**Work instructions**
After locating the line with "Onion skin natural", repeat it and every following line to the end of the listing, exactly. Omit the pictures.

**Supplied data**
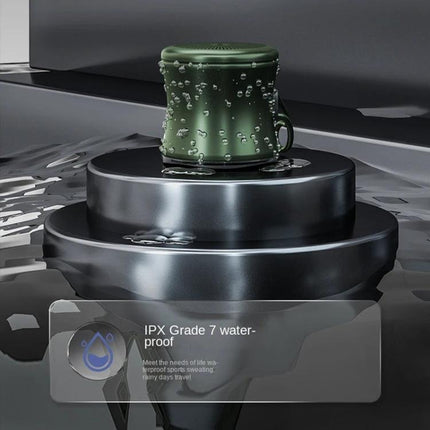 EWA Portable Speaker Pocket Sized For Travel And Jogging showing compact waterproof green speaker with water droplets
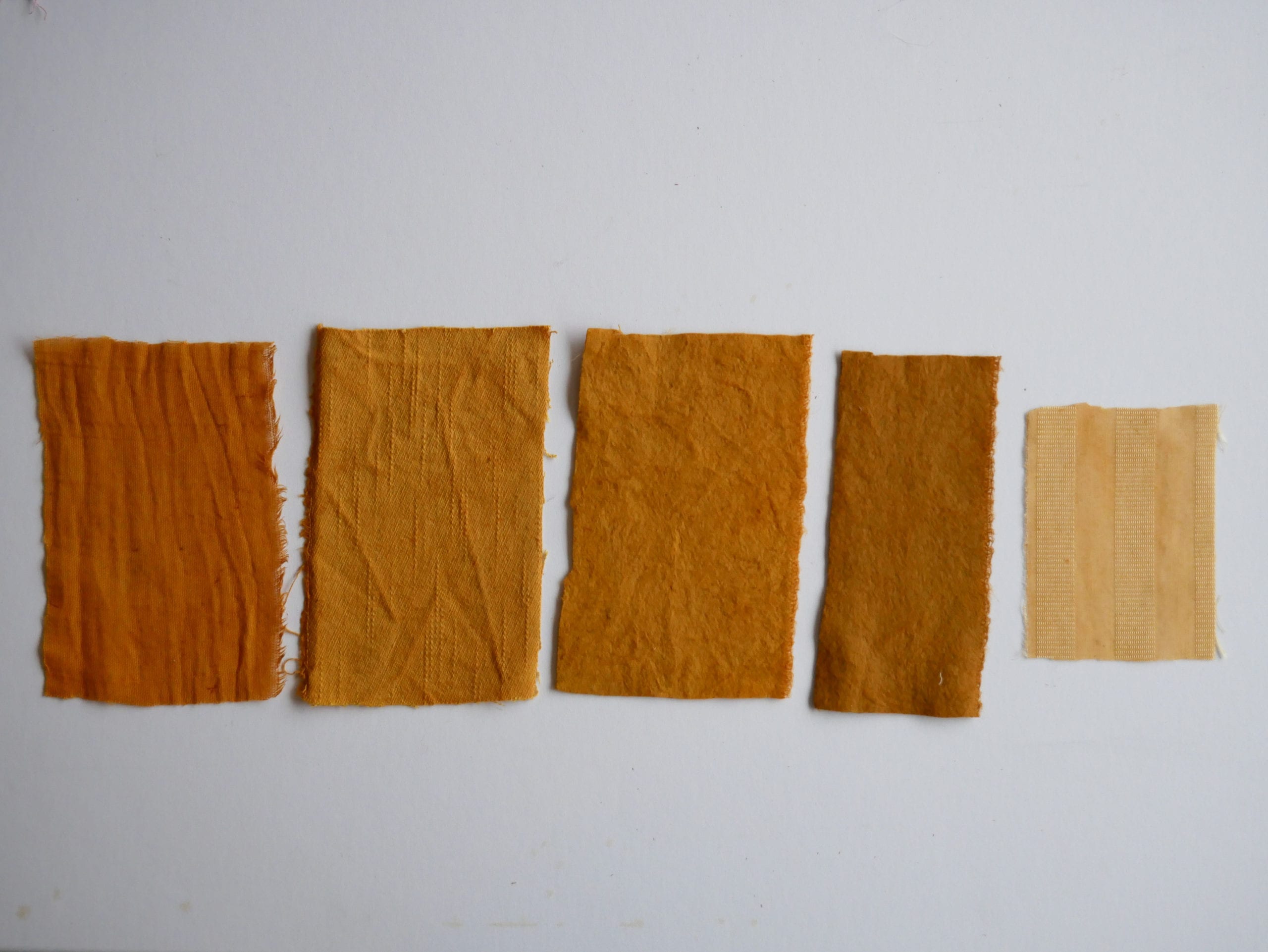 Onion skin natural dye samples on different substrates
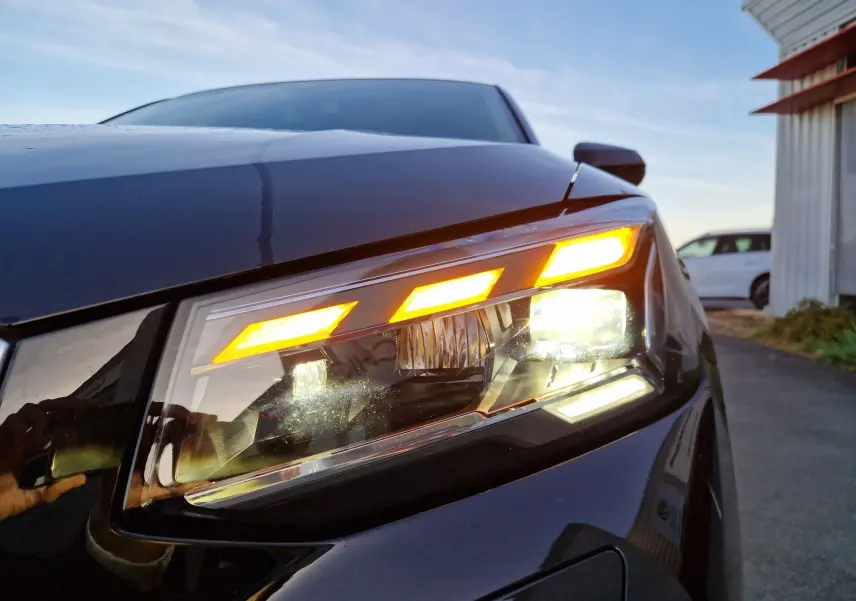 Gros plan sur le phare avant droit allumé d’un Audi Q2 noir, mettant en valeur ses feux LED distinctifs.
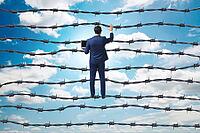 Businessman in barbed wire concept [IBR125382636]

**Answer for this exercise**
 Onion skin natural dye samples on different substrates
 Gros plan sur le phare avant droit allumé d’un Audi Q2 noir, mettant en valeur ses feux LED distinctifs.
 Businessman in barbed wire concept [IBR125382636]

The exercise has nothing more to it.